Für James O’Connell und seine Frau Stephanie Mandelblum gehört gemeinnütziges Engagement zum Judentum. Gemeinsam mit anderen jungen Menschen versammelten sie sich kürzlich in Venice Beach. Mit langen Greifzangen und einer Smartphone-App zur Katalogisierung der Ausbeute ausgestattet, befreiten sie den Strand von Müll und anderen menschlichen Hinterlassenschaften.
Kurz vor den Hohen Feiertagen hatten das Jewish Youth Climate Movement und Repair the World LA zum sogenannten Reverse Tashlich (»Taschlich anders herum«) eingeladen. »Es fühlt sich gut an, kurz bevor sich das Buch des Lebens symbolisch schließt, etwas Gutes zu tun«, sagt O’Connell, der als Berater für umweltbewusstes Wirtschaften arbeitet.
heilung Für die meisten der rund ein Dutzend jungen jüdischen Menschen war es das erste Mal, dass sie an einer Strandsäuberung im Rahmen von Reverse Tashlich teilnahmen.
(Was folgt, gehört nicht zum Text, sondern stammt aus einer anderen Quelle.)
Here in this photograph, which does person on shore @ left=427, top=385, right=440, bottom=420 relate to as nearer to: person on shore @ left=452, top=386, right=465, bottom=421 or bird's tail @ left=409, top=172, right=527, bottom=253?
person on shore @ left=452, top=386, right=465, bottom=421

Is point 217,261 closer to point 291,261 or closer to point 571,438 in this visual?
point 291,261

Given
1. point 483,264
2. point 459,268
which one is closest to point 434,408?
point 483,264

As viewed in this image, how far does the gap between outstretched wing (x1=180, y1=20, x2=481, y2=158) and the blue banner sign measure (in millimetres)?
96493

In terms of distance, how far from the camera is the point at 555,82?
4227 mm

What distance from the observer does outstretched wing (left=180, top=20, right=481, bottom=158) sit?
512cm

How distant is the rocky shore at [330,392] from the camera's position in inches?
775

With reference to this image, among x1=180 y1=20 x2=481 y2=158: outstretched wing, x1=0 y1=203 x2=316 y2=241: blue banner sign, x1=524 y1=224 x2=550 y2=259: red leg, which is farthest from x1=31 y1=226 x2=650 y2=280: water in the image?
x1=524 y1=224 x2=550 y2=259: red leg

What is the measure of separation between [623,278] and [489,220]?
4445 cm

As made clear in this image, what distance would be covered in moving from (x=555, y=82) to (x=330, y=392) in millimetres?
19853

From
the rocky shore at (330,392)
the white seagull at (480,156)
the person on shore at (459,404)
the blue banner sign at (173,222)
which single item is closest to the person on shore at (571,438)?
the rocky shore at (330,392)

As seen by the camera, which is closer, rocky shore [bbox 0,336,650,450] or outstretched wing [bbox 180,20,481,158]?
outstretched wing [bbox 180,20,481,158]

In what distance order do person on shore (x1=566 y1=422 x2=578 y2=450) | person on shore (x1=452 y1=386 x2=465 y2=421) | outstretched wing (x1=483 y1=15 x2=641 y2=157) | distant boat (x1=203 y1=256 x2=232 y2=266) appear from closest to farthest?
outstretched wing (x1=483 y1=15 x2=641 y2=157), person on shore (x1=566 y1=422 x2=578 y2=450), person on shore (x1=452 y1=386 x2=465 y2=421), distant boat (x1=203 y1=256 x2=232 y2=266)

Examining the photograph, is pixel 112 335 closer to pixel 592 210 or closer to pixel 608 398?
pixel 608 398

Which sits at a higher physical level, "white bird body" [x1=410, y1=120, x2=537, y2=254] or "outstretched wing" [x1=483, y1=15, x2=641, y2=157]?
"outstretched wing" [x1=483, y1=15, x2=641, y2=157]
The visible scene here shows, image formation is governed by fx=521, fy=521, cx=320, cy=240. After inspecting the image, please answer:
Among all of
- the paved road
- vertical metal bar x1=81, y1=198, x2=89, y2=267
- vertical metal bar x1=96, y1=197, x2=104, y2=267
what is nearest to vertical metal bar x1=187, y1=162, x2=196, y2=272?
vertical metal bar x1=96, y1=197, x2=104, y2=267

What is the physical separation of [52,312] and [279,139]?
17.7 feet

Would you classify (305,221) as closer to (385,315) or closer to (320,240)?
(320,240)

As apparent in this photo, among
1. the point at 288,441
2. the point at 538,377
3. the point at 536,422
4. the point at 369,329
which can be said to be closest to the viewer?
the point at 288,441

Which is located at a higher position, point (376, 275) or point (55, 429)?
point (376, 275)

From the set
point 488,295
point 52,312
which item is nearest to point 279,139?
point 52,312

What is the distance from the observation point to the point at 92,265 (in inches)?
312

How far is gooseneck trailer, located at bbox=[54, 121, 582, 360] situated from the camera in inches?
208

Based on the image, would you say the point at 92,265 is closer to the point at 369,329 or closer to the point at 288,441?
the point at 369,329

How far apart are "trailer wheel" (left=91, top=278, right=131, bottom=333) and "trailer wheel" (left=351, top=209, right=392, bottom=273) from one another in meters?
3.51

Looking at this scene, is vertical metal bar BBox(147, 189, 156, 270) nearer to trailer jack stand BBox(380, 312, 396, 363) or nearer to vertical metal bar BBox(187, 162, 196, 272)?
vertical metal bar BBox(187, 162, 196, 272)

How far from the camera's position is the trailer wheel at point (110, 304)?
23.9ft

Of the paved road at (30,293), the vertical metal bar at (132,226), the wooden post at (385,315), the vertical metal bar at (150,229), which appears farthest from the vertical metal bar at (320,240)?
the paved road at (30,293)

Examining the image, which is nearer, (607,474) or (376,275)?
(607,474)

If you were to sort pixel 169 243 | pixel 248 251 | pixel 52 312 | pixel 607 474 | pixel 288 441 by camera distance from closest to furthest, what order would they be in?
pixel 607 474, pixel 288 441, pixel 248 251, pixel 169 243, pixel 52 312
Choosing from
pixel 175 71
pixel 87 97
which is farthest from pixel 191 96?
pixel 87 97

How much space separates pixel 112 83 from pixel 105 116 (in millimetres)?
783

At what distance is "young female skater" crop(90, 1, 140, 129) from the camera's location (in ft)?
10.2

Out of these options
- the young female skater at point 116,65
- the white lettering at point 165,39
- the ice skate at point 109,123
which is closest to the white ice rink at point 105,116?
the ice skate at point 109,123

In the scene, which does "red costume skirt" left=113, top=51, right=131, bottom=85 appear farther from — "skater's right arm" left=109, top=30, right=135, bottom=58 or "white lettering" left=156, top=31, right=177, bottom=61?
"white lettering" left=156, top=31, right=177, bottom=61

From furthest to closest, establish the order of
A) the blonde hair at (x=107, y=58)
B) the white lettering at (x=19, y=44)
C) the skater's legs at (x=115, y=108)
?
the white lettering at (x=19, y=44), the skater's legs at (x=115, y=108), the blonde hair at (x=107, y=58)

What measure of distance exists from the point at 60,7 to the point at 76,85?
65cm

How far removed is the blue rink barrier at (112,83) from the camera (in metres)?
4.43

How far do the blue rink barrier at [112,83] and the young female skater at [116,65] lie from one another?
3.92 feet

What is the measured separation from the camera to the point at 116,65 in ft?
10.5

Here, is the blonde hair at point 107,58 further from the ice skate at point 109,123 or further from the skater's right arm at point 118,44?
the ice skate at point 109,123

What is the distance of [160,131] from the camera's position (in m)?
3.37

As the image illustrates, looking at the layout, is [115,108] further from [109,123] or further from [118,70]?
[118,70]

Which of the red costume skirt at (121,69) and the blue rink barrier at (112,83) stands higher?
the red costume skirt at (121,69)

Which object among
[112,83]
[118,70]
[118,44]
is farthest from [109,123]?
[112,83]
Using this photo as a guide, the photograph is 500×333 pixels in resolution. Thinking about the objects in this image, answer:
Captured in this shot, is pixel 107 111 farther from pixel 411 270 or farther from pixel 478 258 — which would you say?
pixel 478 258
Das Konzept dachte sich vor sechs Jahren der amerikanische Rabbiner Ed Rosenthal aus. Mit seiner Organisation Tikkun HaYam (Heilung des Meeres) hat der heute 63-Jährige eine Umweltorganisation gegründet, die sich um Wasser und um die Meere kümmert. Seinen Angaben zufolge ist es die einzige jüdische dieser Art.
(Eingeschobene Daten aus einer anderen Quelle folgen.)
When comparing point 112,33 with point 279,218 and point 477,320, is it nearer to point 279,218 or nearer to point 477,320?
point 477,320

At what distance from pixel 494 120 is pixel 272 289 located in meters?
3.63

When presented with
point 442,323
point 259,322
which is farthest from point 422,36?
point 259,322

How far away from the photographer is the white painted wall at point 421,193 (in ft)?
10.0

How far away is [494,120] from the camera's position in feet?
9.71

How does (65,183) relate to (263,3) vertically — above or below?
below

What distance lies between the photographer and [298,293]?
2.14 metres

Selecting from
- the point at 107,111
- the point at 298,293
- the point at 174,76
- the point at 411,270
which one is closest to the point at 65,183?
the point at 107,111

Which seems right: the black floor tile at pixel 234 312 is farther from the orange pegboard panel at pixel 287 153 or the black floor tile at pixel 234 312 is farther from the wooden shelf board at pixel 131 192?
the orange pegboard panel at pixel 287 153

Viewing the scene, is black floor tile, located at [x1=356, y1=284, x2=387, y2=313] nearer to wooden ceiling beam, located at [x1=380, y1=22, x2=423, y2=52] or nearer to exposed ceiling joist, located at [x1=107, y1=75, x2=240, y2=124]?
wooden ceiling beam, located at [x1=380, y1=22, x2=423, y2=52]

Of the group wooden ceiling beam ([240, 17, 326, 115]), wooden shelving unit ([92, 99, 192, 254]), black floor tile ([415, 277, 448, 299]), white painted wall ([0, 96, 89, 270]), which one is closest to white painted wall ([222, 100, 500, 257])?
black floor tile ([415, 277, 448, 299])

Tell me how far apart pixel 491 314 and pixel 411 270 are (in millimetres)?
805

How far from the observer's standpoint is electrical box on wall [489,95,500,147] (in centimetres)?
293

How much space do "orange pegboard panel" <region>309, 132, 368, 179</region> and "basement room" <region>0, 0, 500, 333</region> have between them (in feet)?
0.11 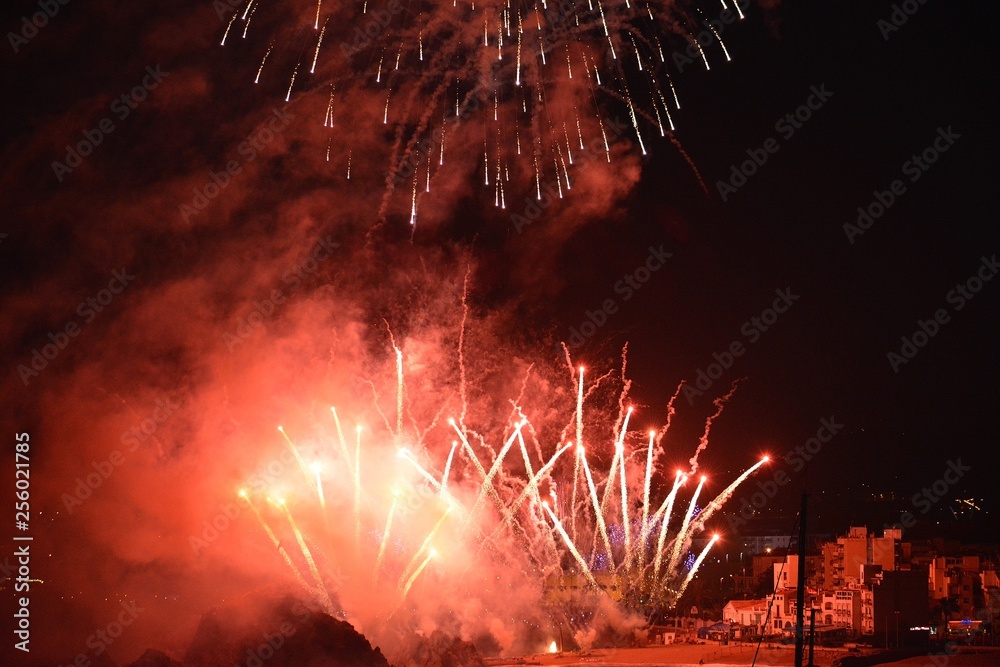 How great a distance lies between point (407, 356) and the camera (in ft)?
88.3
Das Konzept hat sich der amerikanische Rabbiner Ed Rosenthal ausgedacht.
»Das Wasser ist die Grundlage für alles«, sagt Rosenthal. »Wer die Welt retten will, muss mit dem Wasser anfangen.« Für den Rabbiner, der seine Smicha vom Hebrew Union College, der Rabbinerschule des Reformjudentums, erhalten hat, erwächst sein Einsatz für die Erhaltung der Meere aus dem Glauben. »In Psalm 95 steht, das Meer gehört Gott«, erklärt er. »Den Menschen wird die Erde gegeben, doch Gott behält das Reich des Wassers.«
Der passionierte Taucher fühlt sich Gott am nächsten unter Wasser. Das Gefühl, in eine andere Welt einzutauchen, erlebte der in St. Louis im Mittleren Westen der Vereinigten Staaten aufgewachsene Rosenthal zum ersten Mal 1982, als er sich im Rahmen seiner Rabbinerausbildung ein Jahr in Israel aufhielt. Aus Neugier nahm der damals 22-Jährige an einem Tagesausflug auf die Sinai-Halbinsel teil. Die Gruppe wanderte durch die Wüste bis zum Roten Meer in der Nähe von Scharm El-Scheich. Dort ging Rosenthal zum ersten Mal Schnorcheln.
»Das Meer schien grenzenlos«, erinnert er sich. Er habe zurück in Richtung der Wüste geblickt, wo ihm alles braun und leblos erschien. »Dann steckte ich meinen Kopf unter Wasser und sah ein komplett anderes Universum! Ich sah viele verschiedene Arten von Fischen und Korallen in Farben, die ich mir nicht einmal erträumt hätte.«
TAUCHSCHEIN Seit er als Kind Fernsehserien des französischen Meeresforschers Jacques Cousteau sah, zog ihn die Unterwasserwelt in ihren Bann. Mit 16 bat er seine Mutter um Erlaubnis, seinen Tauchschein zu machen. Die zögerte nicht lange – und lehnte ab mit den Worten: »Wenn Gott gewollt hätte, dass wir uns unter Wasser aufhalten, hätte er uns Kiemen gegeben.«
Nach dem Studium arbeitete Rosenthal zunächst als Gemeinderabbiner in Texas und Neuseeland, bevor er nach Tampa Bay, Florida, zog, um an der dortigen Universität die Leitung der jüdischen Studentenorganisation Hillel zu übernehmen. Auf der Suche nach Themen und Aktivitäten, die junge jüdische Studenten ansprechen, gründete er einen Tauchklub und nannte ihn Scubi Jew, in Anlehnung an eine beliebte Zeichentrickserie.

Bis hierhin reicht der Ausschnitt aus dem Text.